4. Continuation of Export/ Special Economic Zone (SEZ) benefits?
- Any provision of supply to a branch or head office outside India will continue to remain outside Zero-rating. Hence, ITC used for such supply would be non-taxable and would not be eligible for refund, hence would have to be reversed.
- Ab-initio exemption of service tax for SEZ units would not be available anymore and would impact adversely the working capital, notwithstanding its subsequent refund.
- As per subsection (4) of section 9, the registered person is obliged to pay GST under Reverse Charge Basis for all the transactions executed with un registered person. To the extent it will have an impact on the cashflow of the software companies and because of this provision, software companies are indirectly compelled to deal only with the registered person.
- Under the existing regime, the software companies are filing return twice a year based on the centralized registration. However, in the new regime, every branch in each state must file minimum 3 returns monthly apart from annual return. This will increase the work load and the cost of compliances.

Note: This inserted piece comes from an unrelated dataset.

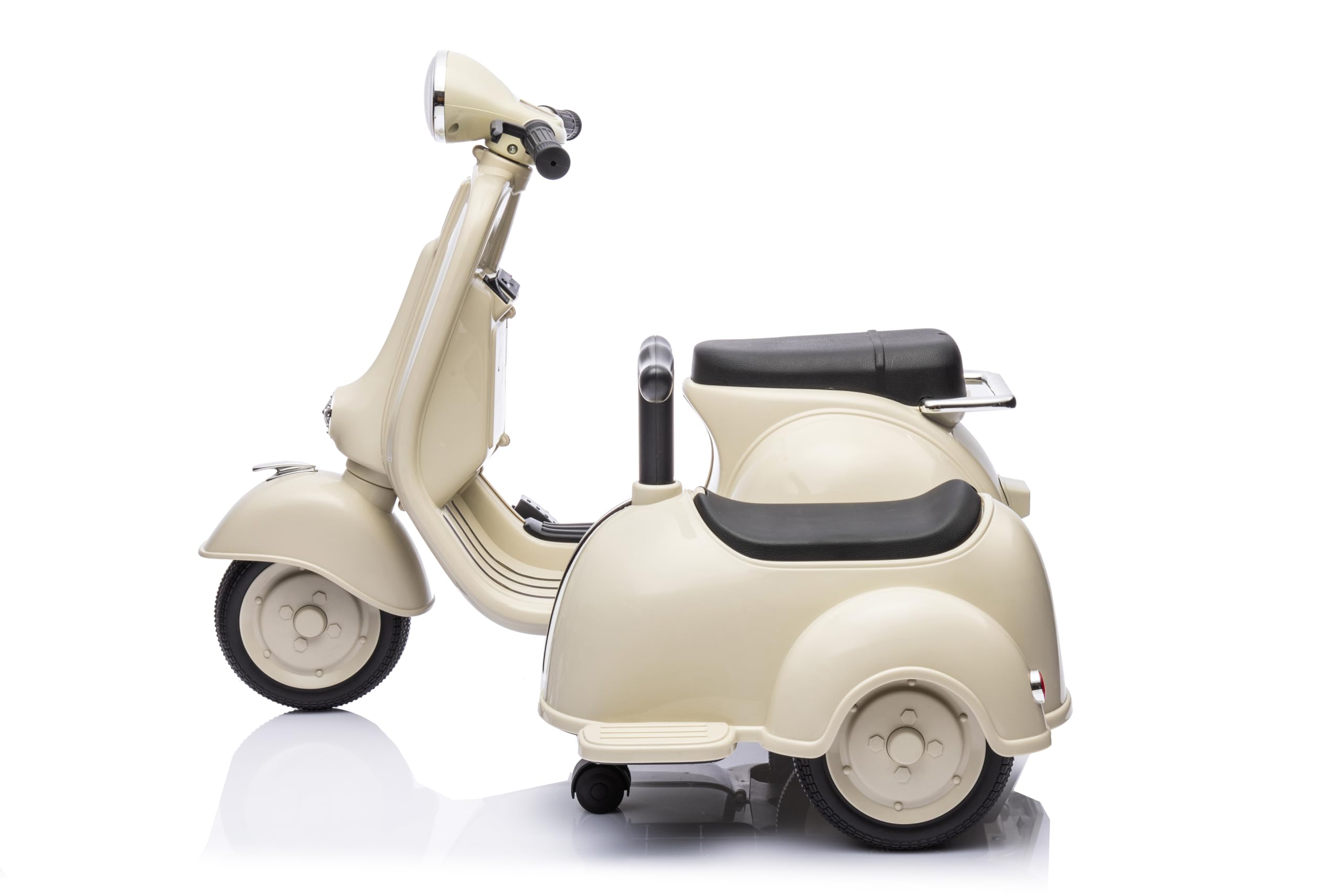 MR J toys&more Piaggio Vespa con Sidecar Small Elettrica 6V per Bambini con USB e luci mp3 Due posti Suoni e mp3 Elettrica (Beige)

To conclude, IT(GST) is definitely NOT EASY for IT sector. The administrative complexities along with implementation cannot be disregarded. One just hopes that the authorities make amends to ensure that the transition is as smooth as possible. A Fitting close to this article would be the words of Alan Wilson Watts, a British philosopher, “The only way to make sense out of change is to plunge into it, move with it, and join the dance”.